» WHAT IS REQUIRED
Repeat the entries below word for word, though any picture in them should be dropped.

========================

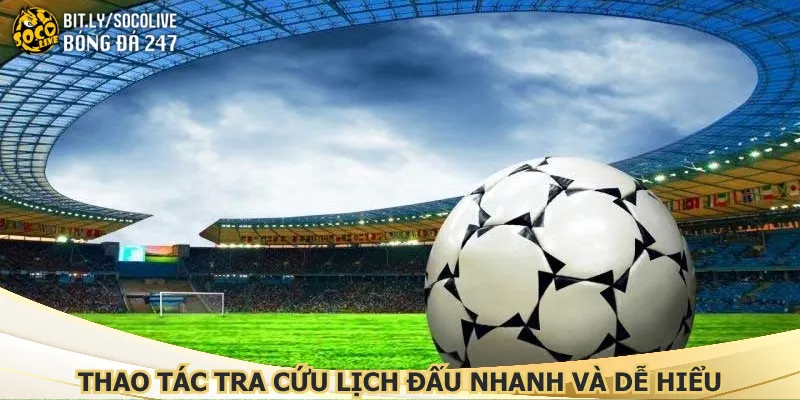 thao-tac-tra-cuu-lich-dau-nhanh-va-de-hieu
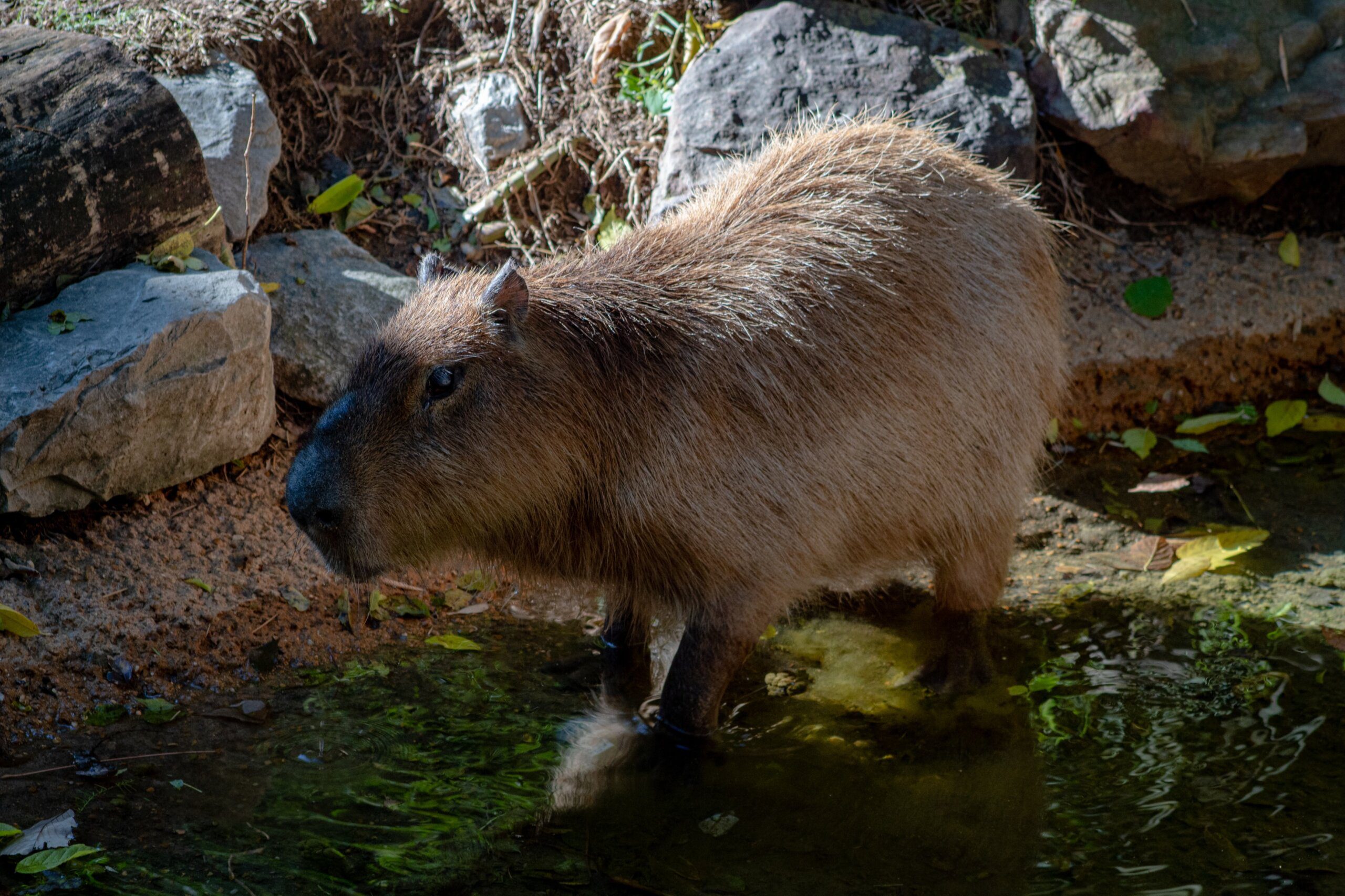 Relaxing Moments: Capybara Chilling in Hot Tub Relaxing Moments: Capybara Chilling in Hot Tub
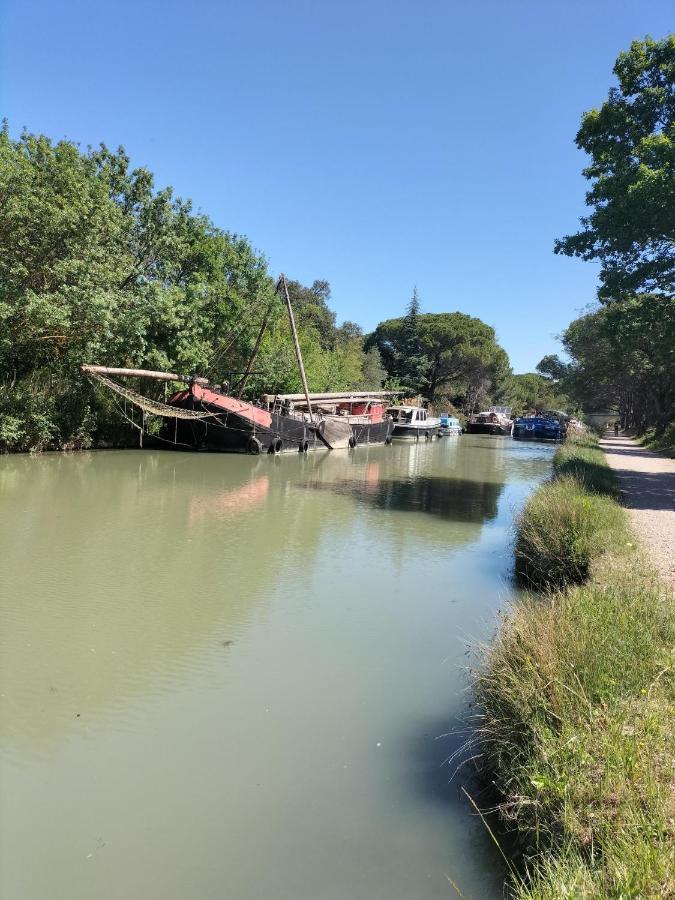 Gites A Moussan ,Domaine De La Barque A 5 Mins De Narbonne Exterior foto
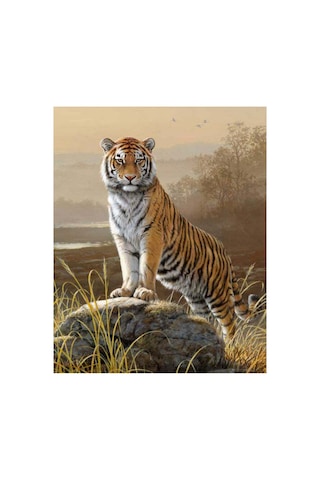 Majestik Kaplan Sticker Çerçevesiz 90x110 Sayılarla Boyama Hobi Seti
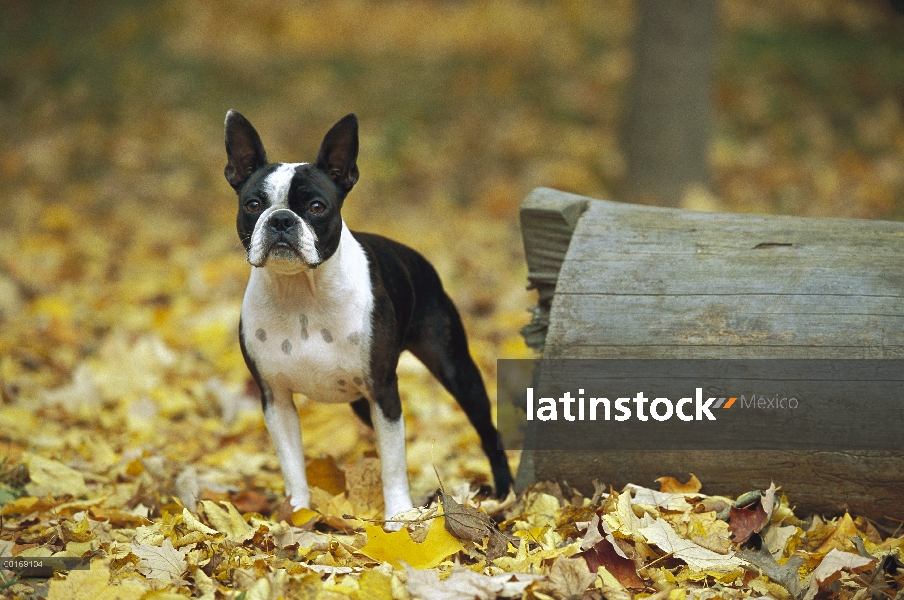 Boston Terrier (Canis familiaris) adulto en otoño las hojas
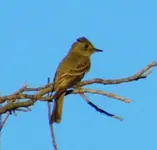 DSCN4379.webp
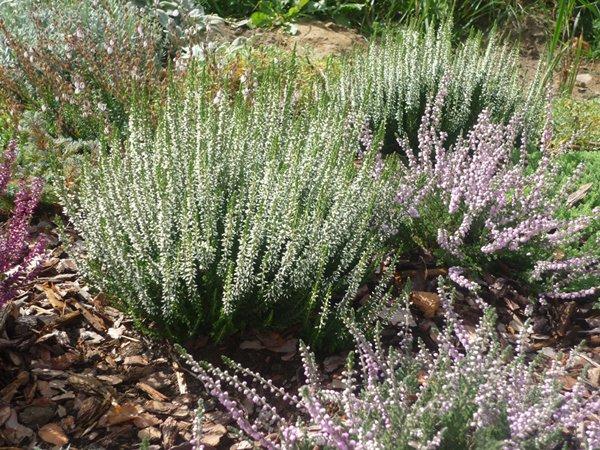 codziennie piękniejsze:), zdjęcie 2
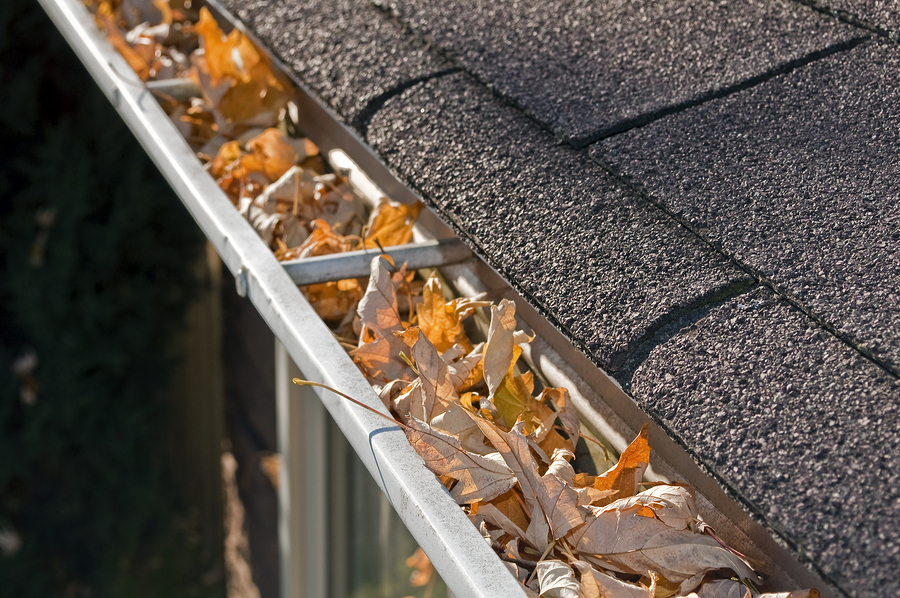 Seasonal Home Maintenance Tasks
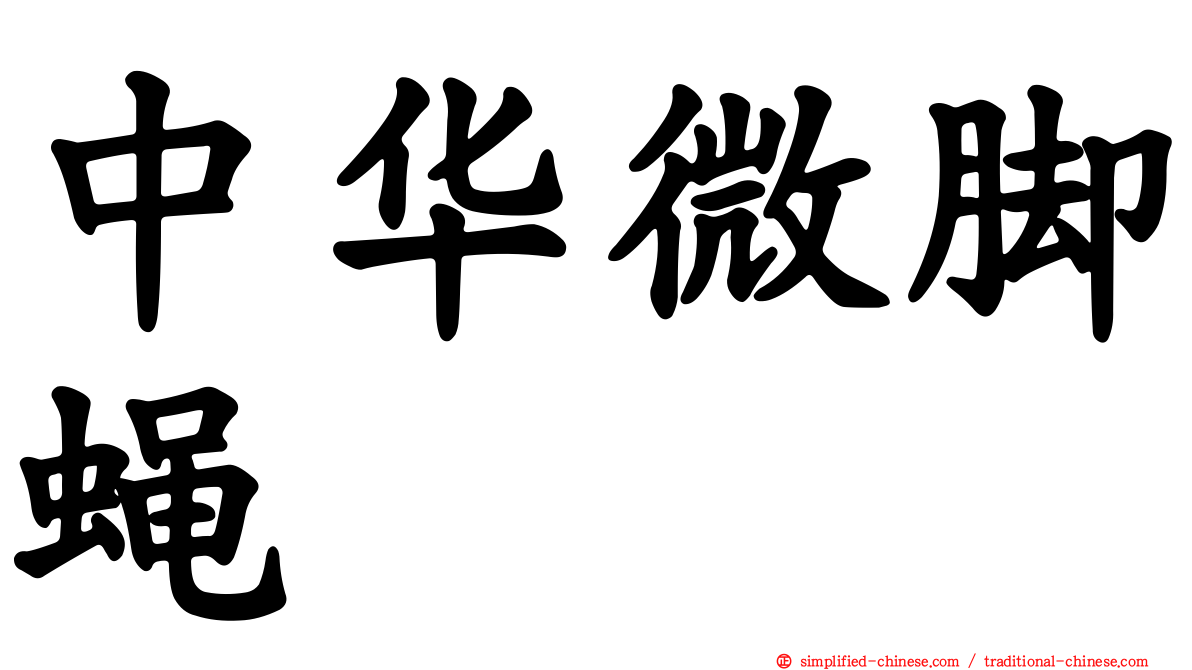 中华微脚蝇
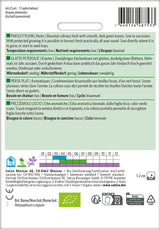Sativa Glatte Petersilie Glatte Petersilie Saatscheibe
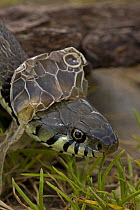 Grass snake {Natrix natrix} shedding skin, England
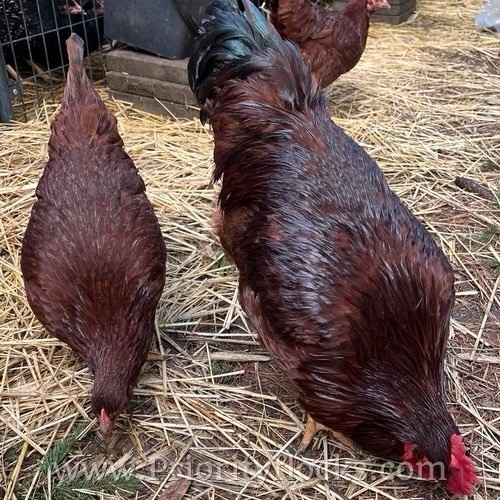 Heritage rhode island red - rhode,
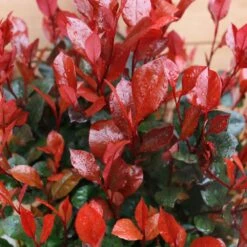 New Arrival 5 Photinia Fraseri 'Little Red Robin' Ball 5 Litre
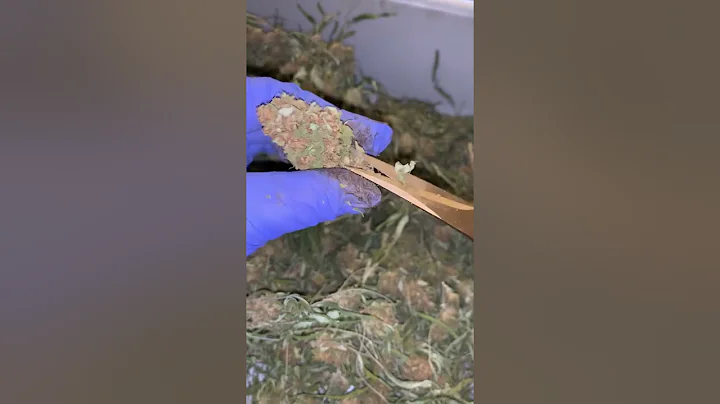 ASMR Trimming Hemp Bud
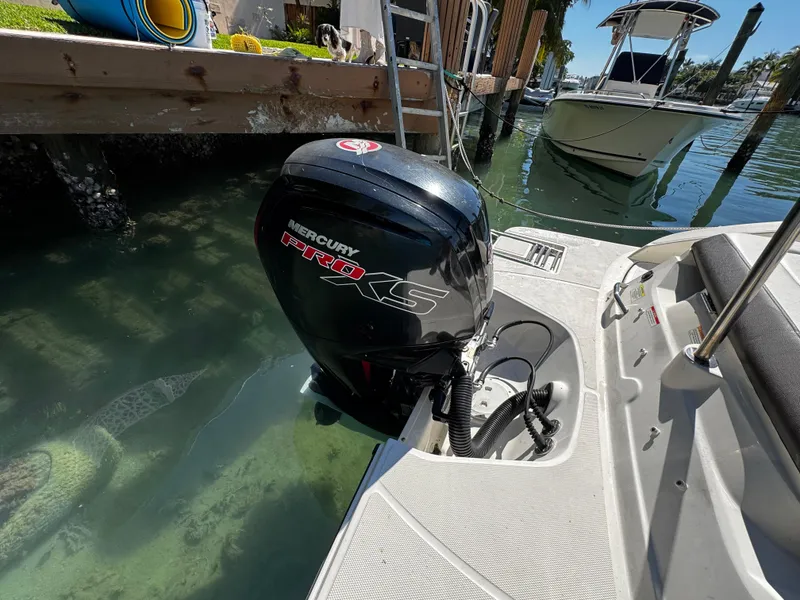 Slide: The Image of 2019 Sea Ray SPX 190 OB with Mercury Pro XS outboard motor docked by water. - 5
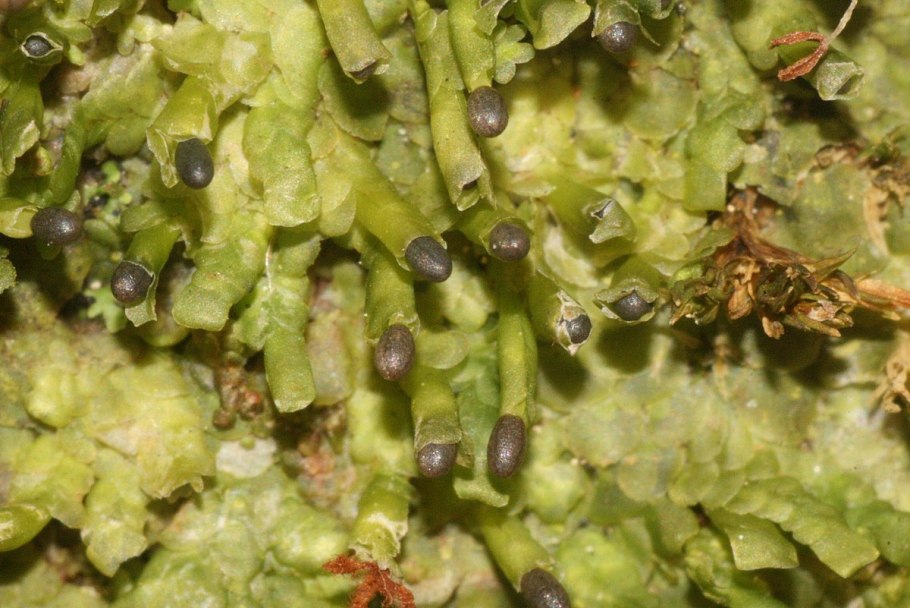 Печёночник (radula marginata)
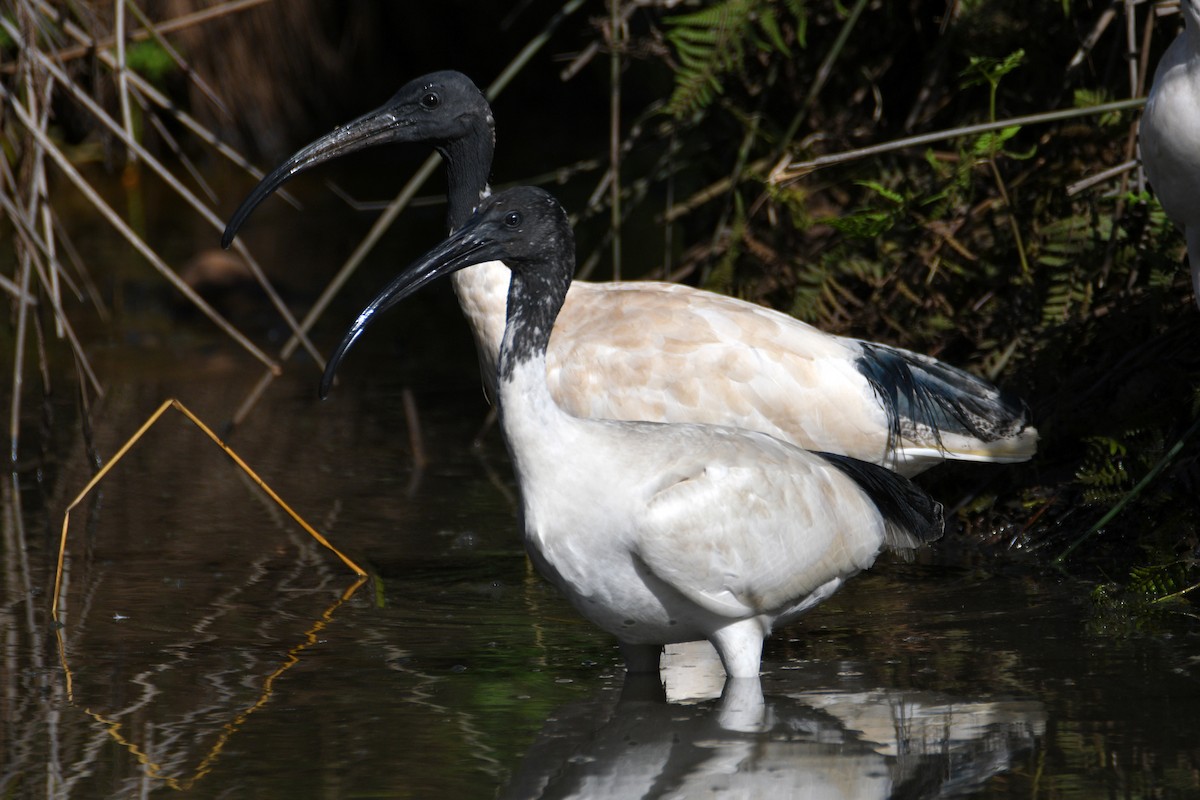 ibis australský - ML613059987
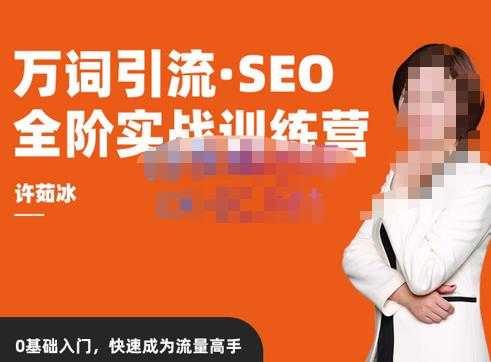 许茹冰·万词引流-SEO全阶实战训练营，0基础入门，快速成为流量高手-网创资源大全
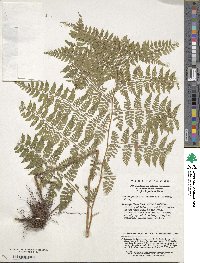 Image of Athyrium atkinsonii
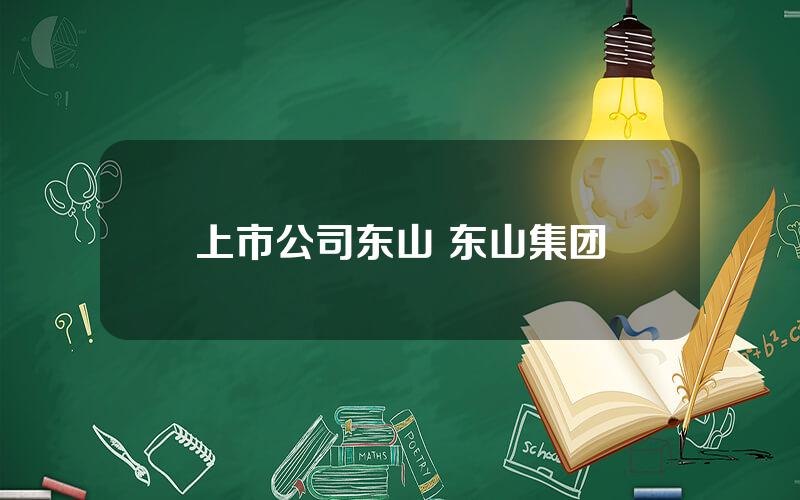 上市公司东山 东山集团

========================

» SOLUTION FOR THIS PROBLEM
 thao-tac-tra-cuu-lich-dau-nhanh-va-de-hieu
 Relaxing Moments: Capybara Chilling in Hot Tub Relaxing Moments: Capybara Chilling in Hot Tub
 Gites A Moussan ,Domaine De La Barque A 5 Mins De Narbonne Exterior foto
 Majestik Kaplan Sticker Çerçevesiz 90x110 Sayılarla Boyama Hobi Seti
 Boston Terrier (Canis familiaris) adulto en otoño las hojas
 DSCN4379.webp
 codziennie piękniejsze:), zdjęcie 2
 Seasonal Home Maintenance Tasks
 中华微脚蝇
Sativa Glatte Petersilie Glatte Petersilie Saatscheibe
 Grass snake {Natrix natrix} shedding skin, England
 Heritage rhode island red - rhode,
 New Arrival 5 Photinia Fraseri 'Little Red Robin' Ball 5 Litre
 ASMR Trimming Hemp Bud
 Slide: The Image of 2019 Sea Ray SPX 190 OB with Mercury Pro XS outboard motor docked by water. - 5
 Печёночник (radula marginata)
 ibis australský - ML613059987
 许茹冰·万词引流-SEO全阶实战训练营，0基础入门，快速成为流量高手-网创资源大全
 Image of Athyrium atkinsonii
 上市公司东山 东山集团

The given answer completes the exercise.